Bestselling author of Paradise Valley, Dale Cramer, has done it again!  I have had the privilege of reading and reviewing another one of his enjoyable works!  If you haven’t read Paradise Valley, I encourage you to do so before reading Cramer’s The Captive Heart, because this 2nd book picks up right where Book 1 leaves off.

Book Description:

Ravaged by disease, preyed upon by ruthless bandits, the Bender family’s second year in Mexico has taken a grievous turn.  Faced with impossible choices, the expatriate Amish discover, more than ever before, what it means to live by faith and not by sight.
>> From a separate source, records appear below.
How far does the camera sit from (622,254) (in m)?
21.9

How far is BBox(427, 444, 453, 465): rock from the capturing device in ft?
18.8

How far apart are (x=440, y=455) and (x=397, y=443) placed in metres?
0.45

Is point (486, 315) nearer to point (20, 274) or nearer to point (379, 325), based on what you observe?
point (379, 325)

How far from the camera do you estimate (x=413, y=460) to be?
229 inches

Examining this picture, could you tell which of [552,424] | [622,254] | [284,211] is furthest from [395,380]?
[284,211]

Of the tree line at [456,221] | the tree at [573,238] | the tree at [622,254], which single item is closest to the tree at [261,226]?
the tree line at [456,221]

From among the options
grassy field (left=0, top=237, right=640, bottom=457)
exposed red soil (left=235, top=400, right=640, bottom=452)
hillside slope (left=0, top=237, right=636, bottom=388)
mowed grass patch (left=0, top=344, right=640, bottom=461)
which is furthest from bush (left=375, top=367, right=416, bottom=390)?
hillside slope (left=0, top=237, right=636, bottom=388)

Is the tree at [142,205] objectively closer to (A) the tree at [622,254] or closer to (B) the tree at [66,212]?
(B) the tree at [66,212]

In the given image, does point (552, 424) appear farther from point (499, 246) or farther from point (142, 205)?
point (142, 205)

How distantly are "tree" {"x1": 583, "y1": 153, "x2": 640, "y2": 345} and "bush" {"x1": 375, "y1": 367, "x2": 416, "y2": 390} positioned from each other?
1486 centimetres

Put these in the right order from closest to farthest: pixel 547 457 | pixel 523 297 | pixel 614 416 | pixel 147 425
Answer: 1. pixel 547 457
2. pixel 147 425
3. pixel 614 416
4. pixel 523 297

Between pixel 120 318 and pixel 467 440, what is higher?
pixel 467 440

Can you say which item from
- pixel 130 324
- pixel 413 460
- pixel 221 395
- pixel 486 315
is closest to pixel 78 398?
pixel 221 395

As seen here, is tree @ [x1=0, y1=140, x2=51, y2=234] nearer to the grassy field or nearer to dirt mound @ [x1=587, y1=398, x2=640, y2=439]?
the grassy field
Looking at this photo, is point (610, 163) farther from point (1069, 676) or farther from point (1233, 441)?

But it’s Miriam who must make the hardest choice as her heart takes her on a new and dangerous course.  Domingo.  “He is gentle,” his sister said, “until someone he loves is threatened.”  Is Miriam that someone?
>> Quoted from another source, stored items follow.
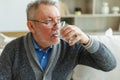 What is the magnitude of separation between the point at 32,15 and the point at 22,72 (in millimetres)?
329

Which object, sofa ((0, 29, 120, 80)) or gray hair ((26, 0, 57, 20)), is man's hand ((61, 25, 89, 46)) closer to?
gray hair ((26, 0, 57, 20))

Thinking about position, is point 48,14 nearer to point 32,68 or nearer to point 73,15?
point 32,68

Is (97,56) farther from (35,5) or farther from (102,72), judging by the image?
(35,5)

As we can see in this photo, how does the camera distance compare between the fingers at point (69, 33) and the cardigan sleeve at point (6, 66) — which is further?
the cardigan sleeve at point (6, 66)

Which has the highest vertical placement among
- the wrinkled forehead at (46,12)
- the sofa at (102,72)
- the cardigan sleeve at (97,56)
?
the wrinkled forehead at (46,12)

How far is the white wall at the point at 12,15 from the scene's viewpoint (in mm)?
3564

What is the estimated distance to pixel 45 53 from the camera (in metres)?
1.44

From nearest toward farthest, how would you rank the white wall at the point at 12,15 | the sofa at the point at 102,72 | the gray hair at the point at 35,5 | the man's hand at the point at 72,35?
1. the man's hand at the point at 72,35
2. the gray hair at the point at 35,5
3. the sofa at the point at 102,72
4. the white wall at the point at 12,15

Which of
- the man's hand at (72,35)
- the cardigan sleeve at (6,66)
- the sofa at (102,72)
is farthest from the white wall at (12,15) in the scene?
the man's hand at (72,35)

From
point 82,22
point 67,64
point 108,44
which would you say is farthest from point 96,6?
point 67,64

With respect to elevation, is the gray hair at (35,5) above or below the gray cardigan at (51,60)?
above

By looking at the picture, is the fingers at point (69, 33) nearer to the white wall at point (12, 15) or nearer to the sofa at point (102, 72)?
the sofa at point (102, 72)

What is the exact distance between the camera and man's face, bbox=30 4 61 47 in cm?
132

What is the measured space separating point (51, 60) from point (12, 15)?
2354 millimetres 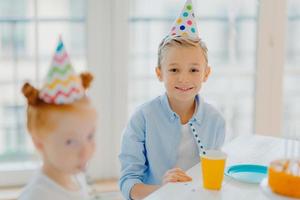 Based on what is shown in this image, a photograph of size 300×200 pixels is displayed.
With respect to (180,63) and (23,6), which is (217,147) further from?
(23,6)

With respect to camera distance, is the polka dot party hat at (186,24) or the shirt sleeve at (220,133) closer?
the polka dot party hat at (186,24)

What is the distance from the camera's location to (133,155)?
1626 millimetres

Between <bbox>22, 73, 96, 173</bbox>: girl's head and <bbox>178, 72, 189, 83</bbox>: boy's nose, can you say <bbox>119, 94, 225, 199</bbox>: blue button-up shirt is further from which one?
<bbox>22, 73, 96, 173</bbox>: girl's head

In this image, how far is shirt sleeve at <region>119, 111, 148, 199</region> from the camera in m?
Answer: 1.60

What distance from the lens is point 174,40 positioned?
1.57 metres

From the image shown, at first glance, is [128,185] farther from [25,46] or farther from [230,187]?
[25,46]

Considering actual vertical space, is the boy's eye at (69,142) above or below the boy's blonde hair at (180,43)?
below

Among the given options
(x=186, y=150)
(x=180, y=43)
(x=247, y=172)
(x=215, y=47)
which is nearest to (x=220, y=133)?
(x=186, y=150)

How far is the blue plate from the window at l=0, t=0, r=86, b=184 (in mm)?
1283

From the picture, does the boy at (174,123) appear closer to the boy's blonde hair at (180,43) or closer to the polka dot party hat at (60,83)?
the boy's blonde hair at (180,43)

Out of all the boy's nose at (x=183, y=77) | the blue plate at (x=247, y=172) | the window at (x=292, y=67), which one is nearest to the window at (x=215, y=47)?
the window at (x=292, y=67)

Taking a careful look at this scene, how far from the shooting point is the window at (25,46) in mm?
2479

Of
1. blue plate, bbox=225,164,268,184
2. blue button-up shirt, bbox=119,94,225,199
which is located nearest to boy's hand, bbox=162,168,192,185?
blue plate, bbox=225,164,268,184

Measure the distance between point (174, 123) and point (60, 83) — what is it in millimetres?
823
“Cualnezqui,” he often calls her – The Nahuatl word for Beautiful one.  The chiseled native has proven himself a man of principle, grace, and power.  Yet is he the pearl of great price for whom Miriam would sacrifice everything, or is he merely a friend?  Tormented by conflicting emotions, she’s haunted by vivid dreams: Dressed in the coarse cotton pants and shirt of a peasant, she stands on the precipice of a sun-washed ridge searching desperately for Domingo.  Domingo the fierce.  Domingo the protector.

Domingo the forbidden.

This book definitely kept me reading, even more so than Book 1 in the Daughters of Caleb Bender series.  Many suspenseful events occur that keep the story moving and the reader intrigued – illness, a kidnapping, and a rescue in the shadow of a loss of loved ones.  Even though the main story line focuses on the events that involve Miriam and Domingo, Cramer does not forget the perils also faced by Caleb and the rest of the growing Amish community.  His characters are  just as captivating as they were in the first book – each one with their own personality, strength and struggles depicted in ways that forces the reader to want to learn more about them.  Caleb’s faith is pushed harder,  Domingo learns more of the ways of the Amish, and Ada becomes a hero in her own right. This book is another good example of how Faith, Love and Forgiveness can change the lives of others.  There is also the question of whether or not it would be wise to give up the Amish way to follow another way.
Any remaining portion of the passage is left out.